Ma non servì a nulla. In pochi istanti numerosi pirati le saltarono addosso e la bloccarono insieme a Thorgrin tirandoli fuori dalla rete. Angel sentì numerose mani ruvide che la afferravano, le legavano i polsi dietro alla schiena con una fune grezza e la trascinavano in piedi, gocciolante d’acqua. Non poteva nemmeno muoversi.
Si voltò preoccupata per Thorgrin e vide che anche lui veniva legato, ancora impassibile, più addormentato che sveglio. Vennero entrambi trascinati lungo il ponte, così rapidamente che Angel incespicava mentre camminavano.
“Questo ti insegnerà a cercare di scapparci,” disse seccamente un pirata.
Angel sollevò lo sguardo e vide davanti a sé una porta di legno che conduceva sottocoperta. La aprirono e lei guardò nel buio della stiva. L’ultima cosa che ricordò fu che lei e Thor venivano gettati là dentro dai pirati.
Angel si sentì rotolare mentre volava di testa nel buio. Andò a sbattere il capo con violenza contro il pavimento di legno, atterrando di faccia. Poi sentì il peso del corpo di Thor atterrarle addosso, mentre entrambi rotolavano nell’oscurità.

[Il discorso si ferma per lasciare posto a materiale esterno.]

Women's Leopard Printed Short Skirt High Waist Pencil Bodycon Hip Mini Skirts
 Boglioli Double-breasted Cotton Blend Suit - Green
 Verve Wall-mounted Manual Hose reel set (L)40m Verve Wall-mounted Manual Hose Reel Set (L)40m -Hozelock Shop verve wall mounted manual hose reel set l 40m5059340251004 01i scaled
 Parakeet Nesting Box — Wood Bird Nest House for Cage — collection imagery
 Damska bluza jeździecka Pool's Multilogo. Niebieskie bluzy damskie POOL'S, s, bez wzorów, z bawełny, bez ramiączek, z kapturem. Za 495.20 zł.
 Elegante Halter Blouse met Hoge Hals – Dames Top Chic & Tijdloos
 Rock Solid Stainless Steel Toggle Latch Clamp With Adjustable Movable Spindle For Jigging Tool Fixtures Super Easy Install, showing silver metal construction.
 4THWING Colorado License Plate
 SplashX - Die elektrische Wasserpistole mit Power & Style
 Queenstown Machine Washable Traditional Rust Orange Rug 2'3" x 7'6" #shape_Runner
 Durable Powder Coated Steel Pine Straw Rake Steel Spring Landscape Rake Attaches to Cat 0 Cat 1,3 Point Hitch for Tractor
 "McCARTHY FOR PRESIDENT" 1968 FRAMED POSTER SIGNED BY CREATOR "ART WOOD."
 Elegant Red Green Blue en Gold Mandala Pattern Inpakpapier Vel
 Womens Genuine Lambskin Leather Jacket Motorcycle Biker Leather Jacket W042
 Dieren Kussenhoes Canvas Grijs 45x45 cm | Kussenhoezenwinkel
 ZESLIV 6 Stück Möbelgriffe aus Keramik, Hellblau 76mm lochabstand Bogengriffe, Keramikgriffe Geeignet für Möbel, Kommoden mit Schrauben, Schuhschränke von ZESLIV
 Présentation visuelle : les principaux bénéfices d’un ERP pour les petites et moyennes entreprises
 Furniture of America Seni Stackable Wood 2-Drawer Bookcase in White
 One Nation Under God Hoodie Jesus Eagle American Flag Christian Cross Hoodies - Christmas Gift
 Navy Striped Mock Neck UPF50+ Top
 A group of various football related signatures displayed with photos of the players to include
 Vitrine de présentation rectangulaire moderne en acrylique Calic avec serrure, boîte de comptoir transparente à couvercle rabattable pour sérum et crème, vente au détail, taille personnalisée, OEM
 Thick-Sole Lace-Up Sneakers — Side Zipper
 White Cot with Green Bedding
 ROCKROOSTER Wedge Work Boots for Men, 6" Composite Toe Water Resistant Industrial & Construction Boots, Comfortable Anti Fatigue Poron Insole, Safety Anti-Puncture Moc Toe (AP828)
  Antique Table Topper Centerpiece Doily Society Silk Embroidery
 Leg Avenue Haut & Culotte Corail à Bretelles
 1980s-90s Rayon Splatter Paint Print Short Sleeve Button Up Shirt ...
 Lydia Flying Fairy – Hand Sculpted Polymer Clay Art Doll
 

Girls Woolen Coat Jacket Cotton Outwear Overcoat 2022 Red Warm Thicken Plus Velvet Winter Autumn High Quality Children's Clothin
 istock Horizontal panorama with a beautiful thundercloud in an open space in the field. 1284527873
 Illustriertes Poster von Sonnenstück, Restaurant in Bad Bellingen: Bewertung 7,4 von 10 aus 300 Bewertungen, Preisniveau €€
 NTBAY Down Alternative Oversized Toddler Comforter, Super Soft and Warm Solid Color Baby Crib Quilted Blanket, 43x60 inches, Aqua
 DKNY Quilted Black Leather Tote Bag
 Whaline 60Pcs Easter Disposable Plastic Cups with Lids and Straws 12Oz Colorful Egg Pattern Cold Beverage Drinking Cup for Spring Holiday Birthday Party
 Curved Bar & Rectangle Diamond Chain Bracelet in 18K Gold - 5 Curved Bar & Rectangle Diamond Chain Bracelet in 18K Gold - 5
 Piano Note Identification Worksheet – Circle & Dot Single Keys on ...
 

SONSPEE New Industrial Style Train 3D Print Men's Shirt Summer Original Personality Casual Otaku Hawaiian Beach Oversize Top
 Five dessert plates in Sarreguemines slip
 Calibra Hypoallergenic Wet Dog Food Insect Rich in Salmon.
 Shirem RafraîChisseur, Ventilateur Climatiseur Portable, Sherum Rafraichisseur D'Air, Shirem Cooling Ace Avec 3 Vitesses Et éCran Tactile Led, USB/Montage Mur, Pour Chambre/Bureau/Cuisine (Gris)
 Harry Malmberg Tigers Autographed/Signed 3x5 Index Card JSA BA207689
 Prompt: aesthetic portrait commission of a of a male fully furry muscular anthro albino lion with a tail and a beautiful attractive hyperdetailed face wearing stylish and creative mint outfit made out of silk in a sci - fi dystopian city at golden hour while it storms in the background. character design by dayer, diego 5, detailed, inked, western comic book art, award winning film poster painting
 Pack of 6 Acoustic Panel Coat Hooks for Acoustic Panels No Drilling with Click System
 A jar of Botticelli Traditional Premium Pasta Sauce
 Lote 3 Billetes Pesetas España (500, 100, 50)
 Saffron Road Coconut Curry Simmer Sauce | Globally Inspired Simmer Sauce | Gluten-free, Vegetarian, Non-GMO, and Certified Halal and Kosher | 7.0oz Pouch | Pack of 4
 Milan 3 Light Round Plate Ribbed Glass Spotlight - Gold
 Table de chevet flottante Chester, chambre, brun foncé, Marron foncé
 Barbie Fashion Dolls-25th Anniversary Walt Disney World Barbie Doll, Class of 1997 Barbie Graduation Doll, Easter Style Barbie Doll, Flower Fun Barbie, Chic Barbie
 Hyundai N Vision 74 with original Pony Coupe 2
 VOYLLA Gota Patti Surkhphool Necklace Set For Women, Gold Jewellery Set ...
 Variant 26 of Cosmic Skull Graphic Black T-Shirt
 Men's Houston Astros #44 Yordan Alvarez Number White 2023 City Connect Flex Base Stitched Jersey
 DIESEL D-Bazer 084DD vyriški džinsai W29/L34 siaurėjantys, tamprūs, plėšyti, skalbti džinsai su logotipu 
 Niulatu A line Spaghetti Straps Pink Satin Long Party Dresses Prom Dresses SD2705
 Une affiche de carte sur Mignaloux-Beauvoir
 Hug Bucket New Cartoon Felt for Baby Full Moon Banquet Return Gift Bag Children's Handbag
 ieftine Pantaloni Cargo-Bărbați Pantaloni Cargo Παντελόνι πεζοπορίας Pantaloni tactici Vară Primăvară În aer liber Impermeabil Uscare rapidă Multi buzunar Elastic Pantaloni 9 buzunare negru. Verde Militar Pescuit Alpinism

La porta del ponte venne chiusa da sopra, bloccando ogni raggio di luce, poi serrata con una pesante catena. Stesa lì a terra, respirando affannosamente nel buio, Angel si chiese dove i pirati li avessero gettati.
Dalla parte opposta della stiva apparve improvvisamente uno scorcio di sole: i pirati avevano appena aperto una botola di legno ricoperta da sbarre di ferro. Diversi volti apparvero da sopra, ghignando e addirittura sputando. Poi se ne andarono richiudendo la botola con un tonfo. Ma Angel sentì una voce rassicurante provenire dal buio.
“Va tutto bene, non sei sola.”
Angel sussultò, sorpresa e allo stesso tempo sollevata, scioccata ma felice di voltarsi e scorgere tutti i volti dei suoi amici che si trovavano seduti lì al buio, con le mani legate dietro alla schiena come lei. Reece e Selese, Elden ed Indra, O’Connor e Mati, tutti prigionieri ma vivi. Era certa che fossero tutti morti in mare e fu quindi sopraffatta dal sollievo constatando che non era così.
Ma si sentiva anche inquieta: se tutti quei grandi guerrieri erano stati fatti prigionieri, pensò, quali possibilità mai avevano di riuscire ad uscire vivi da lì?